Ebooks

Cheerio tutorial

Cheerio tutorial shows how to do web scraping in JavaScript with Cheerio module. Cheerio implements the core of jQuery designed for the server.

Cheerio

Cheerio is a fast, flexible, and lean implementation of core jQuery designed specifically for the server.

In this tutorial we scrape HTML from a local web server.
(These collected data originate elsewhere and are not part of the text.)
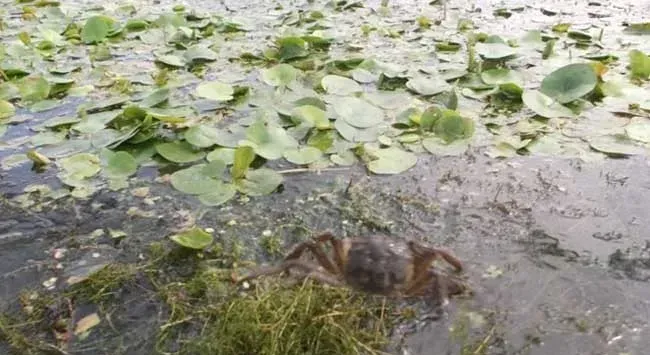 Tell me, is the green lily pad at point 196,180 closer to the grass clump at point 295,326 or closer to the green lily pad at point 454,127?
the grass clump at point 295,326

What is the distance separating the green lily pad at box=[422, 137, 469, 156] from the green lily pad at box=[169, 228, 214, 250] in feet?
3.61

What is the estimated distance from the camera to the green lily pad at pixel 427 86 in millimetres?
3295

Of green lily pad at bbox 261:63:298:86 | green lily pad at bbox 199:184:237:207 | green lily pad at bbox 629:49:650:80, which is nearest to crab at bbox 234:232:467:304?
green lily pad at bbox 199:184:237:207

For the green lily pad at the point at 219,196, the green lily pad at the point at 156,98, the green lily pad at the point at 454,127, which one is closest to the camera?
the green lily pad at the point at 219,196

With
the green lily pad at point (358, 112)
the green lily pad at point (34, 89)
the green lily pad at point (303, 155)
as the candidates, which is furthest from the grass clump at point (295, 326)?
the green lily pad at point (34, 89)

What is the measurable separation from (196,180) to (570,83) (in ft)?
6.12

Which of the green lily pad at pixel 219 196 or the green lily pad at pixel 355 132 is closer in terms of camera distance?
the green lily pad at pixel 219 196

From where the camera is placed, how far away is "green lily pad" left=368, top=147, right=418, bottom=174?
2625mm

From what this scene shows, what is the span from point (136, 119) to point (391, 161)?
1.20 m

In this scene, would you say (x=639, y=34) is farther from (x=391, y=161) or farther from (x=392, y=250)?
(x=392, y=250)

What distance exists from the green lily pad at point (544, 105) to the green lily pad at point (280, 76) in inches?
Result: 46.6

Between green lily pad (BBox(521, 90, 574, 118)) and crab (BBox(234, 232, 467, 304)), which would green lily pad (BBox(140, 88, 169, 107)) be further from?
green lily pad (BBox(521, 90, 574, 118))

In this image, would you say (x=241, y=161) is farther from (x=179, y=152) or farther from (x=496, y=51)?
(x=496, y=51)

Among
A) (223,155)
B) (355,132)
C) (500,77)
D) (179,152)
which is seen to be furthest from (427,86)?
(179,152) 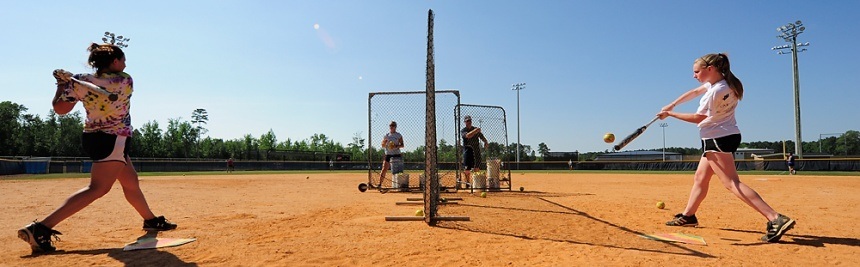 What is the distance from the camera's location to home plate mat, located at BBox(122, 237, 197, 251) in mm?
4039

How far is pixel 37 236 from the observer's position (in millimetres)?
3762

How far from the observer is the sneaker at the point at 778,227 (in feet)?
13.6

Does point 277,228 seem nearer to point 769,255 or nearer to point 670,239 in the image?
point 670,239

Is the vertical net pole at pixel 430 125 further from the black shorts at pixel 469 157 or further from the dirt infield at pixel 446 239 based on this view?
the black shorts at pixel 469 157

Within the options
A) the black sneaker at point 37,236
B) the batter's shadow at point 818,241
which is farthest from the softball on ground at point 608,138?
the black sneaker at point 37,236

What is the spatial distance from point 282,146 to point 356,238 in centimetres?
11026

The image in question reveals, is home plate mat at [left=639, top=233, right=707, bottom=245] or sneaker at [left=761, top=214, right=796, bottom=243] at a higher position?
sneaker at [left=761, top=214, right=796, bottom=243]

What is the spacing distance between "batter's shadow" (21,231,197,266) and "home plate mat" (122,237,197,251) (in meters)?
0.09

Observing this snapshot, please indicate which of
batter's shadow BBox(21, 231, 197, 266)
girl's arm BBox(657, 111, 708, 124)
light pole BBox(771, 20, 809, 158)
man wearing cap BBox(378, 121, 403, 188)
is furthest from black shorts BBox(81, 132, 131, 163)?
light pole BBox(771, 20, 809, 158)

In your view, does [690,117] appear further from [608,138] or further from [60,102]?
[60,102]

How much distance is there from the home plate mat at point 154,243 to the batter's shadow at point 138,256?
9 centimetres

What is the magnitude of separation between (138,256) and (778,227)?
5.71m

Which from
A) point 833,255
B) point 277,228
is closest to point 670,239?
point 833,255

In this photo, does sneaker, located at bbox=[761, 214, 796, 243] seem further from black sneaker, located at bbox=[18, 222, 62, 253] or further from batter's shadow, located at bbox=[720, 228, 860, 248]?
black sneaker, located at bbox=[18, 222, 62, 253] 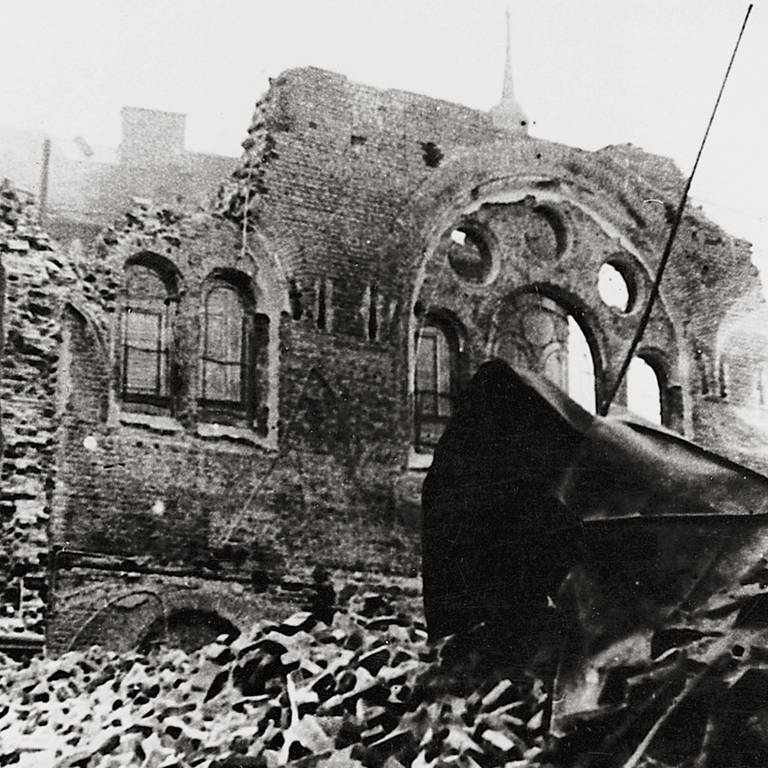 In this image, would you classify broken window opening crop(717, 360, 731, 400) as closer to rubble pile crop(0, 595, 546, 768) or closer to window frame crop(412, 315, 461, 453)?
window frame crop(412, 315, 461, 453)

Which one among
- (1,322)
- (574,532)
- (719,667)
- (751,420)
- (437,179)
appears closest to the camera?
(719,667)

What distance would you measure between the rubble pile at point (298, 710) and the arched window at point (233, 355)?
13.2ft

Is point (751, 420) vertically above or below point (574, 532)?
above

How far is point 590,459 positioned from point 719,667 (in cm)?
150

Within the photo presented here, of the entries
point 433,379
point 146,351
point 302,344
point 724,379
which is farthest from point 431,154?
point 724,379

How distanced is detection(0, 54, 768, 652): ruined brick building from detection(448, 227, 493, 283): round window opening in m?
0.08

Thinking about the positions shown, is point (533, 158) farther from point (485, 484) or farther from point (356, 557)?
point (485, 484)

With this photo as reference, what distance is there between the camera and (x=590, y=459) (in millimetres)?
8641

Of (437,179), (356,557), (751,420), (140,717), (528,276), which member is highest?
(437,179)

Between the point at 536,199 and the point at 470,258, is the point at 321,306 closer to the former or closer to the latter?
the point at 536,199

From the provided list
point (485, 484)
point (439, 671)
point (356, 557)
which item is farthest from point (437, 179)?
point (439, 671)

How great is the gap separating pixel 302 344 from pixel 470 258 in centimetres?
686

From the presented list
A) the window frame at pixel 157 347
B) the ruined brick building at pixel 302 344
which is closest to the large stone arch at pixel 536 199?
the ruined brick building at pixel 302 344

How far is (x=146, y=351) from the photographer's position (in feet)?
44.9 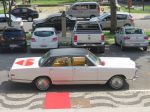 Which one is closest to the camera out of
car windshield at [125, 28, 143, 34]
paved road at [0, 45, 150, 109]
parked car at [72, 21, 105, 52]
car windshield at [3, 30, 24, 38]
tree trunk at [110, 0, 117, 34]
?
paved road at [0, 45, 150, 109]

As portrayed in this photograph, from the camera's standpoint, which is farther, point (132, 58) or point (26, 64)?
point (132, 58)

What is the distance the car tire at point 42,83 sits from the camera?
15594mm

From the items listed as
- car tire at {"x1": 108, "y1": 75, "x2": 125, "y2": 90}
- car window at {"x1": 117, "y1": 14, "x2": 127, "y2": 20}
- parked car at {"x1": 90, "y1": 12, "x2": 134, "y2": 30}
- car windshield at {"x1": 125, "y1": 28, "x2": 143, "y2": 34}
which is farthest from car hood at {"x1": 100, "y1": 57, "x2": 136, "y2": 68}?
car window at {"x1": 117, "y1": 14, "x2": 127, "y2": 20}

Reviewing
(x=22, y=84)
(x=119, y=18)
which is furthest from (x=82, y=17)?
(x=22, y=84)

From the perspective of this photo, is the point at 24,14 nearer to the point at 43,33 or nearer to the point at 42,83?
the point at 43,33

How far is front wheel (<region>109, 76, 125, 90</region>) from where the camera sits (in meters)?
15.7

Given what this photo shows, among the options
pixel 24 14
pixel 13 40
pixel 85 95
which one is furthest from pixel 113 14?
pixel 85 95

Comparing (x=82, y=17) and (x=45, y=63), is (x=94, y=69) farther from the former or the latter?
(x=82, y=17)

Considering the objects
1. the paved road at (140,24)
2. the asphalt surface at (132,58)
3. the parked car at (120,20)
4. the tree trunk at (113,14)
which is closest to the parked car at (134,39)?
the asphalt surface at (132,58)

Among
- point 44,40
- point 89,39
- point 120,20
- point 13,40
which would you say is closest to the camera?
point 89,39

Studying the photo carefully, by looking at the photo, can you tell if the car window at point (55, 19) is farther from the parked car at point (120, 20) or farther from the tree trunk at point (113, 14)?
the tree trunk at point (113, 14)

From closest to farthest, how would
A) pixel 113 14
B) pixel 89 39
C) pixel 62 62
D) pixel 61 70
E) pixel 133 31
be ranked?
pixel 61 70, pixel 62 62, pixel 89 39, pixel 133 31, pixel 113 14

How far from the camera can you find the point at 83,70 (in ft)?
50.8

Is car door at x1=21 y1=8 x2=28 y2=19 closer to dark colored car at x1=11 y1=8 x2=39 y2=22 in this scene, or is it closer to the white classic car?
dark colored car at x1=11 y1=8 x2=39 y2=22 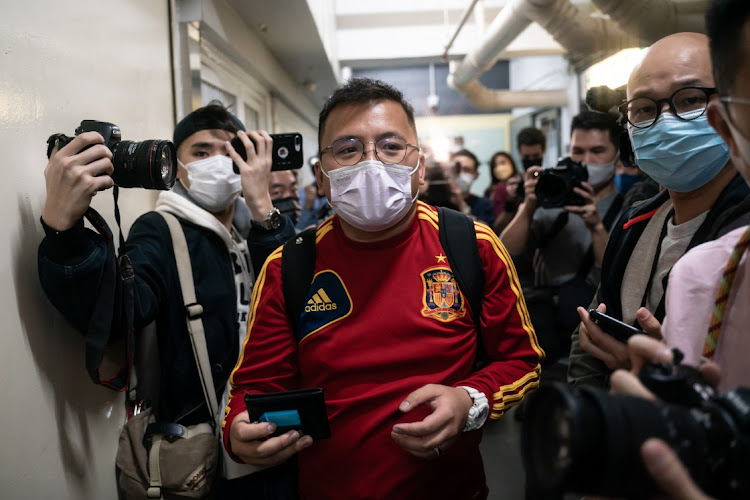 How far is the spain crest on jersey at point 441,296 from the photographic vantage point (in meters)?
1.30

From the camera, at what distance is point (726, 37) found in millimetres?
722

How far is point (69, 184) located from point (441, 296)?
36.8 inches

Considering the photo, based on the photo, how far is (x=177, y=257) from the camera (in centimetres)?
171

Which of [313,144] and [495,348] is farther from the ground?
[313,144]

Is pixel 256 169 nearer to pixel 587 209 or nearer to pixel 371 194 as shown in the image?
pixel 371 194

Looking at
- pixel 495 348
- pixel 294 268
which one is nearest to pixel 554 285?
pixel 495 348

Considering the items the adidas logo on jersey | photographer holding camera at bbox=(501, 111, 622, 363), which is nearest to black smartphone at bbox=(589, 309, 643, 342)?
the adidas logo on jersey

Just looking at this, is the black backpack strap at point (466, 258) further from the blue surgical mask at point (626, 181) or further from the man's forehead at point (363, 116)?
the blue surgical mask at point (626, 181)

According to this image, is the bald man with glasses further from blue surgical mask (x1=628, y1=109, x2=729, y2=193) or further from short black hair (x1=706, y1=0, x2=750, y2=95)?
short black hair (x1=706, y1=0, x2=750, y2=95)

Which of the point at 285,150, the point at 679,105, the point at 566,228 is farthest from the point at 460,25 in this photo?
the point at 679,105

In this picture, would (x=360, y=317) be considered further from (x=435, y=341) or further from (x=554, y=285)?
(x=554, y=285)

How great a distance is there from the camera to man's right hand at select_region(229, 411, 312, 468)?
117 centimetres

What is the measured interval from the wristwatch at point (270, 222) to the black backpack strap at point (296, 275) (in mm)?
435

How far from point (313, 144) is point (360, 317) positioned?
25.9ft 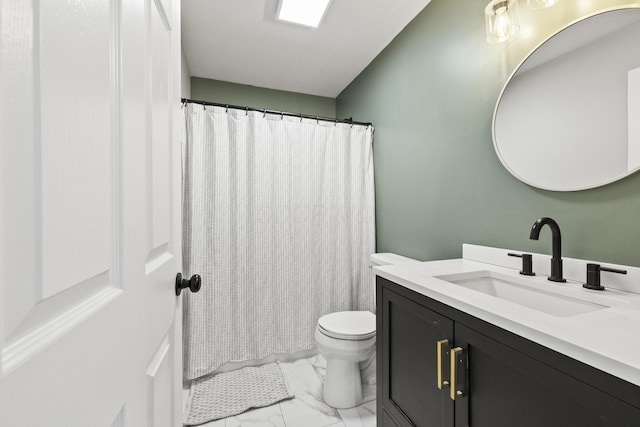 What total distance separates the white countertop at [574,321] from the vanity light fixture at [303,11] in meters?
1.60

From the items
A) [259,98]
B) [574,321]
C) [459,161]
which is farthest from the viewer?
[259,98]

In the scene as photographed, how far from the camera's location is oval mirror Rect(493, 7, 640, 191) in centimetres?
91

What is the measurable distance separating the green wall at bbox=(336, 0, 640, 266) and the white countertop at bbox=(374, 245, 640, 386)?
0.61ft

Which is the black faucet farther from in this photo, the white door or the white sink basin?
the white door

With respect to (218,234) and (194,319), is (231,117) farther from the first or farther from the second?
(194,319)

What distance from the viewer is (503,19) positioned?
119 cm

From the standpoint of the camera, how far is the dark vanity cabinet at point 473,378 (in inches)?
20.3

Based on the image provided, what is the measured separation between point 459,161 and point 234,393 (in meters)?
1.90

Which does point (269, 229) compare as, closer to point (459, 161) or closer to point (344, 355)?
point (344, 355)

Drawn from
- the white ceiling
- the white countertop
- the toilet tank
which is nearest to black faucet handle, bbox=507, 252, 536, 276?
the white countertop

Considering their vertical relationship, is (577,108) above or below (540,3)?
below

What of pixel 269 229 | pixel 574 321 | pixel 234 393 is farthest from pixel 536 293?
pixel 234 393

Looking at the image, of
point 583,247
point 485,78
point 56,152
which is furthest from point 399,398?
point 485,78

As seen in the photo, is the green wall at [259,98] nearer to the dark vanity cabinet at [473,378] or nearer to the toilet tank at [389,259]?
the toilet tank at [389,259] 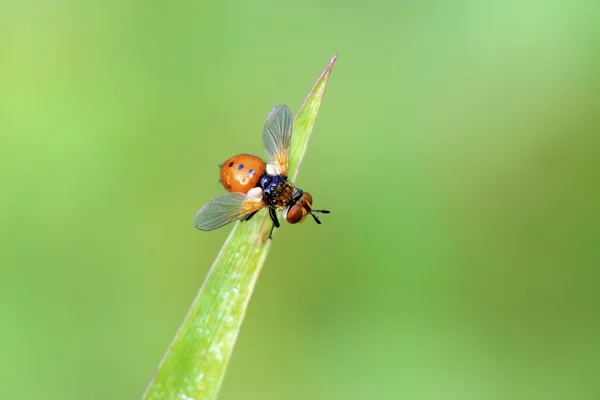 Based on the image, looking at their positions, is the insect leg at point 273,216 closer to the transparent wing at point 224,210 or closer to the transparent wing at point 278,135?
the transparent wing at point 224,210

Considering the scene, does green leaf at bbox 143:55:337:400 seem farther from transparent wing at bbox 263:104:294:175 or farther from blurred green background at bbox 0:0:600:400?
blurred green background at bbox 0:0:600:400

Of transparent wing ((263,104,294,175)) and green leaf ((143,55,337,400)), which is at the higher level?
transparent wing ((263,104,294,175))

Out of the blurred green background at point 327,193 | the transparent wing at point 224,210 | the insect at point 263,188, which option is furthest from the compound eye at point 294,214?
the blurred green background at point 327,193

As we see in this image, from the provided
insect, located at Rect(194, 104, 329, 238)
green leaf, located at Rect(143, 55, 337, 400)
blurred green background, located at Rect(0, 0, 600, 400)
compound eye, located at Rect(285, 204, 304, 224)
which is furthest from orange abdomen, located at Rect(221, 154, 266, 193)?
green leaf, located at Rect(143, 55, 337, 400)

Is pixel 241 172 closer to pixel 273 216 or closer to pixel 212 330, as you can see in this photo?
pixel 273 216

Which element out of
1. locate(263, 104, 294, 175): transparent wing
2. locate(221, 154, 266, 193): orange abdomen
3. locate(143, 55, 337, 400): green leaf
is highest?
locate(263, 104, 294, 175): transparent wing

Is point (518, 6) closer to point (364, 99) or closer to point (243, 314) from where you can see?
point (364, 99)

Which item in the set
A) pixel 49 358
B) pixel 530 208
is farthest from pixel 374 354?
pixel 49 358

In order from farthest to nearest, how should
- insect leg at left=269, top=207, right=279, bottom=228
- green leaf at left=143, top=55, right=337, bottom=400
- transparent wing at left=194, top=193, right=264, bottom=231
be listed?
transparent wing at left=194, top=193, right=264, bottom=231
insect leg at left=269, top=207, right=279, bottom=228
green leaf at left=143, top=55, right=337, bottom=400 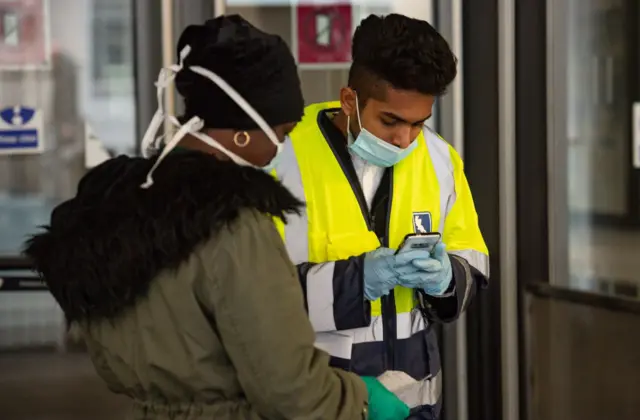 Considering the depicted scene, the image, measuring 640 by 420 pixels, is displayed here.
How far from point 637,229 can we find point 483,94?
0.58 meters

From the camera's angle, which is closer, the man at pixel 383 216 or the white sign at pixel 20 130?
the man at pixel 383 216

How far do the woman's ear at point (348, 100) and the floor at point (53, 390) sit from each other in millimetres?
1171

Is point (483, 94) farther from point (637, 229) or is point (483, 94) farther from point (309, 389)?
point (309, 389)

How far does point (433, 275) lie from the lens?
4.50 feet

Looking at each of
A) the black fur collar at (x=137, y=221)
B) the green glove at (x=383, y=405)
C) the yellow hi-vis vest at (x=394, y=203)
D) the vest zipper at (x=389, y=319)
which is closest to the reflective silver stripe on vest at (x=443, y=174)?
the yellow hi-vis vest at (x=394, y=203)

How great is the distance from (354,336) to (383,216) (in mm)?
233

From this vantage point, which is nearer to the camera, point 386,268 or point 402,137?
point 386,268

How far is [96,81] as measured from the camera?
212 cm

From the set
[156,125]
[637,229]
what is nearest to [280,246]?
[156,125]

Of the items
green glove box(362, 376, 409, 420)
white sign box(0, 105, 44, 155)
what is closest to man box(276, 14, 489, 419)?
green glove box(362, 376, 409, 420)

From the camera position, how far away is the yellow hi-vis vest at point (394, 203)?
4.63 feet

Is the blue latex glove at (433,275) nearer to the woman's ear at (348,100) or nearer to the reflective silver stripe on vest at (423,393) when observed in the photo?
the reflective silver stripe on vest at (423,393)

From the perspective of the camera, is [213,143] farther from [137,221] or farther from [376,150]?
[376,150]

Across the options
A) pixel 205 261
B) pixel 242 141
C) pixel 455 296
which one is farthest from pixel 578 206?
pixel 205 261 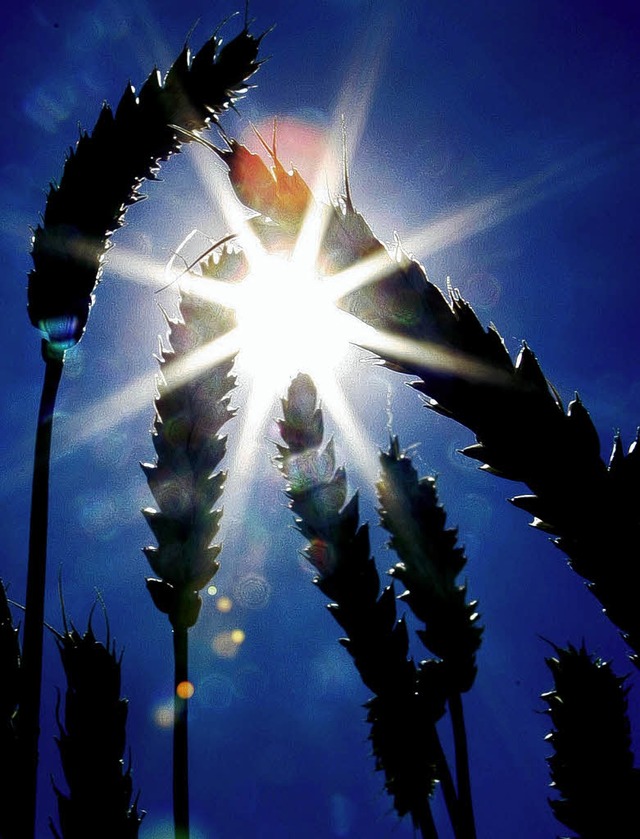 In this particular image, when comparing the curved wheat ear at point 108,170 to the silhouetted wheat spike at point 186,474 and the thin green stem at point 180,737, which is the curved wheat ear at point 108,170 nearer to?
the silhouetted wheat spike at point 186,474

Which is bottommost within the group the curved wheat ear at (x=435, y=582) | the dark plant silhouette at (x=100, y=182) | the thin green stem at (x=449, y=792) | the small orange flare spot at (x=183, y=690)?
the thin green stem at (x=449, y=792)

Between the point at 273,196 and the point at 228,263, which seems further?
the point at 228,263

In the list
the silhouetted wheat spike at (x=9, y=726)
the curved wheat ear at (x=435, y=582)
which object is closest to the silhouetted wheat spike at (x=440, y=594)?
the curved wheat ear at (x=435, y=582)

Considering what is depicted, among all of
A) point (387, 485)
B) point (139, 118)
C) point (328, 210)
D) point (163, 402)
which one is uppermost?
point (139, 118)

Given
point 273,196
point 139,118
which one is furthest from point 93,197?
point 273,196

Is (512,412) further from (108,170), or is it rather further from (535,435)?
(108,170)

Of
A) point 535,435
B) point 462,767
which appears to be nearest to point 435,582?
point 462,767

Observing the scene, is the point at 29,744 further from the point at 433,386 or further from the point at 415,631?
the point at 433,386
For the local web server, we use the local-web-server.

index.html
<!DOCTYPE html>
<html lang="en">

<head>
    <meta charset="UTF-8">
    <meta name="viewport" content="width=device-width, initial-scale=1.0">
    <meta http-equiv="X-UA-Compatible" content="ie=edge">
    <title>Home page</title>
    <style>
        .fpar {
            font-family: Georgia;
        }
    </style>
</head>

<body>
    <main>
        <h1>My website</h1>

        <p class="fpar">
            I am a JavaScript programmer.
        </p>

        <p>
            My hobbies are:
        </p>

        <ul>
            <li>Swimming</li>
            <li>Tai Chi</li>
            <li>Running</li>
            <li>Web development</li>
            <li>Reading</li>
            <li>Music</li>
        </ul>
    </main>
</body>

</html>

We will be working with this HTML file.

Cheerio selectors

In Cherrion, we use selectors to select tags of an HTML document. The selector syntax was borrowed from jQuery.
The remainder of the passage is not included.